Anyway, at the moment I’m focussing on the occupational health interview. The stress hasn’t helped my mental state but I fear for it even more if I fail it.
•July 26, 2009 • 3 Comments
At the moment I have an overwhelming feeling of guilt. It’s an odd sensation as I don’t think I feel guilty about anything in particular other than my existence. I feel guilty for taking up space and resources. I feel guilty for being useless and a failure.
I don’t know where this feeling is coming from. I’ve just started Risperidone. It could be that. Or it could be the start of another depression. I can’t concentrate at the moment and I’m finding being alone difficult. I’ve invited R round three times this week. We don’t do anything, I just need a distraction from that feeling. I’ve been using Clonazepam to try to take the edge off but it doesn’t really work. I’ve never got much out of minor tranquilizers.
Hand in hand with guilt comes fear and I feel afraid for the future. I can’t explain it but it feels as though everything is about to go wrong. I can feel the fear in my stomach. Sometimes it’s so strong I feel physically sick. I can’t relax at all. All in all, I don’t feel good at the moment.
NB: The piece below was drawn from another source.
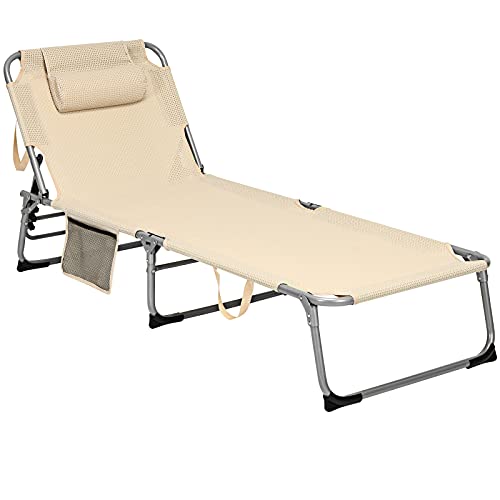 Giantex Lounge Chair Chaise Lounger, Beach Recliner With Mattress, 4 Adjustable Reclining Position, Pillow, Side Pocket For Beach, Sunbathing, Patio, Pool, Lawn, Deck Folding Camping Cot (1, Beige) #TOP15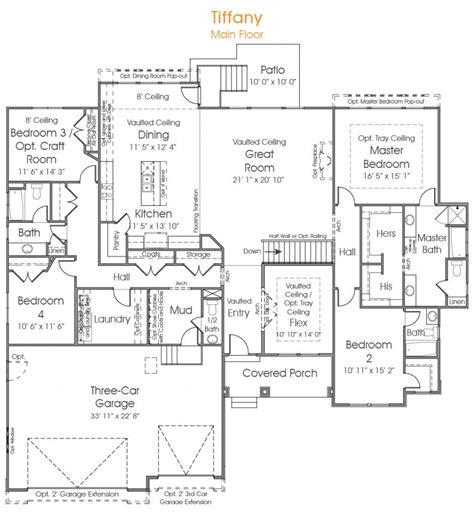 They could be your plans according personal taste and budget. Tiffany | Rambler house plans, Basement house plans, Bedroom house plans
•July 10, 2009 • 4 Comments
I think I’ve reached my bdsm saturation point again. I’ve done nine sessions in the last three weeks (which is probably too many) and I no longer feel in the mood. I wasn’t happy with the last two, both of which I topped in. In the first the man was some kind of supermasochist who took 486 strokes with cane and dressage whip and while that part wasn’t a problem I felt completely out of my depth with him socially. We had little in common and conversation was a struggle at times. I felt so unhappy I cut after I left his flat. He wants to meet up again but I don’t think I can.
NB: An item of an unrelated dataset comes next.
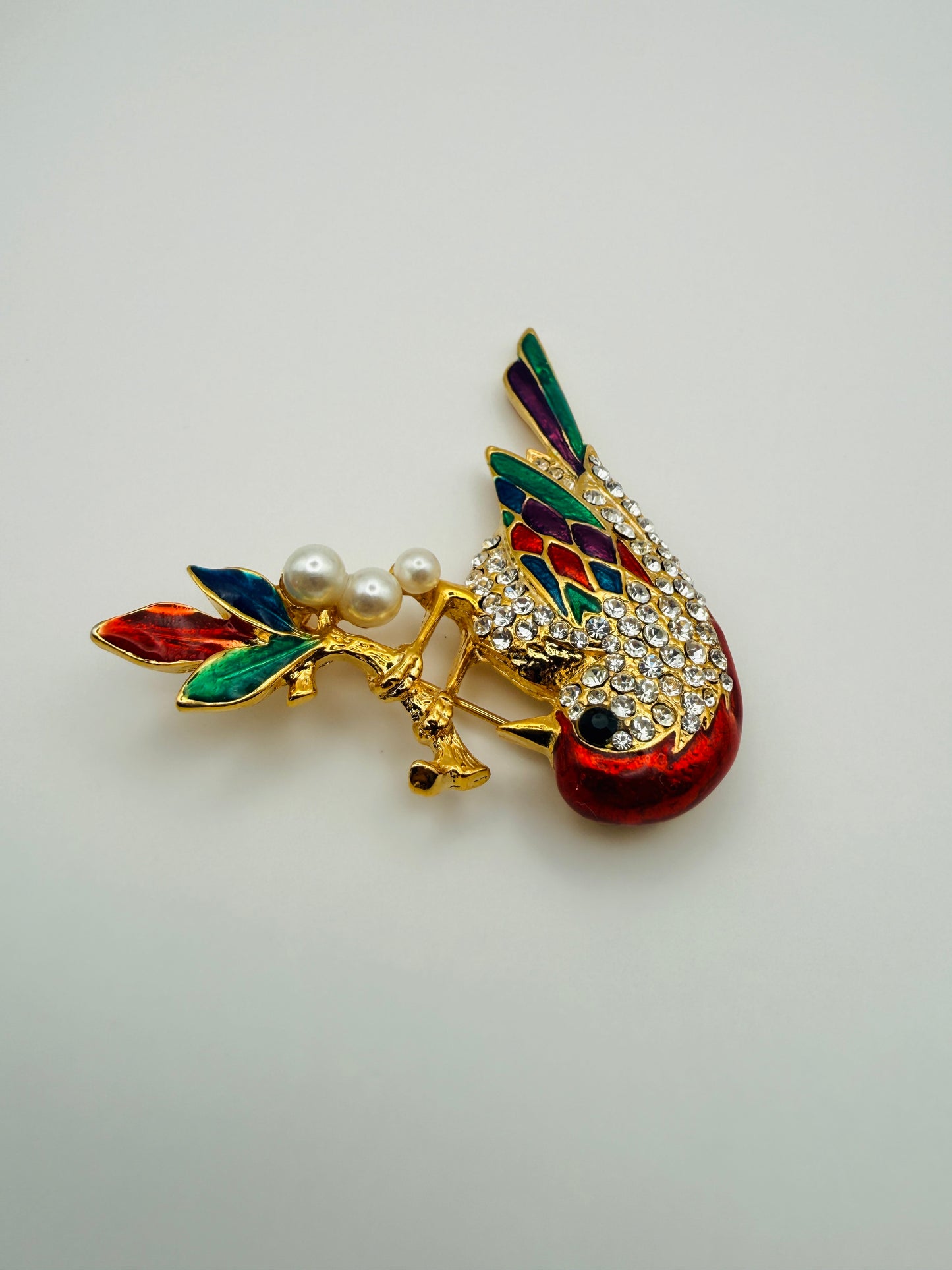 Broche vintage perroquet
The last session I did was a let down for different reasons. My partner was a novice and I don’t think he was ready for the real experience. After all of the build up and anticipation he seemed to go through anything was going to be a let down but I fear I did let him down. I checked he was okay the following day but he was quite short with me and I haven’t heard from him otherwise. I also fear I pushed him too far on the pain scale. He had a safe word and a guide word (and used neither) but maybe that was bravado or some sort of endurance test. Whatever happened I feel bad about it. I have another session arranged for monday. I’m not in the mood and the man is becoming more and more demanding. It’s not going to be a good session either but I can’t back out of it now.
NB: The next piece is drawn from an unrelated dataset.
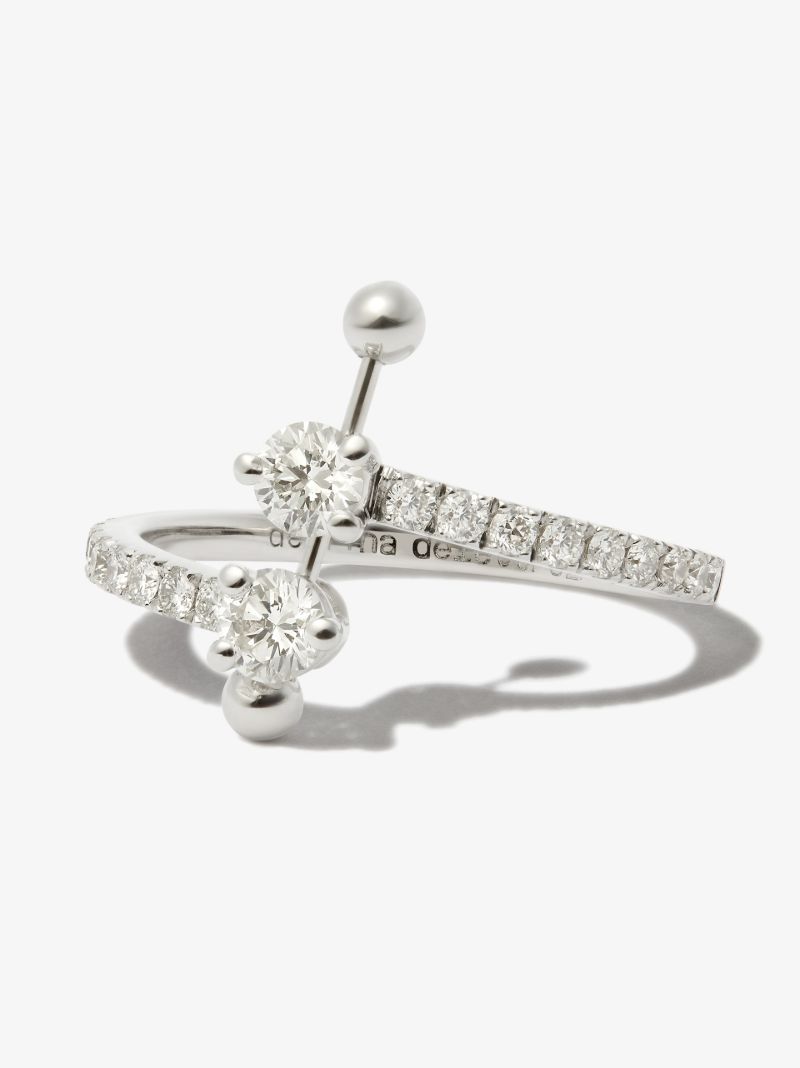 18k White Gold Two in One ContrariÃ_x0083_Â© Diamond Ring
I seem to go through a cycle where I do lots of sessions, sicken myself of it and drop out then feel lonely and start again. I wish I could break this cycle. I wish I could relate to people in a way that isn’t sexual. I wish I could relate to other people on a friendship level and be able to maintain that friendship. Unfortunately it’s a skill I seem to lack and I’m lonely (and crippled in some ways) because of it. My psychiatrist has decided to refer me for psychotherapy which I’m quite pleased about however I googled the name of the unit and found it’s for people with severe personality disorders. Do I have a personality disorder? I’d like to say no but I’m not sure. I know that my coping strategies don’t work very well and I have difficulties relating to others. Maybe that’s what a personality disorder is.
At the moment I just can’t be bothered to do anything, whether that’s medication or reaching the bored and feeling bad part of my cycle I can’t say. I just hope it passes soon.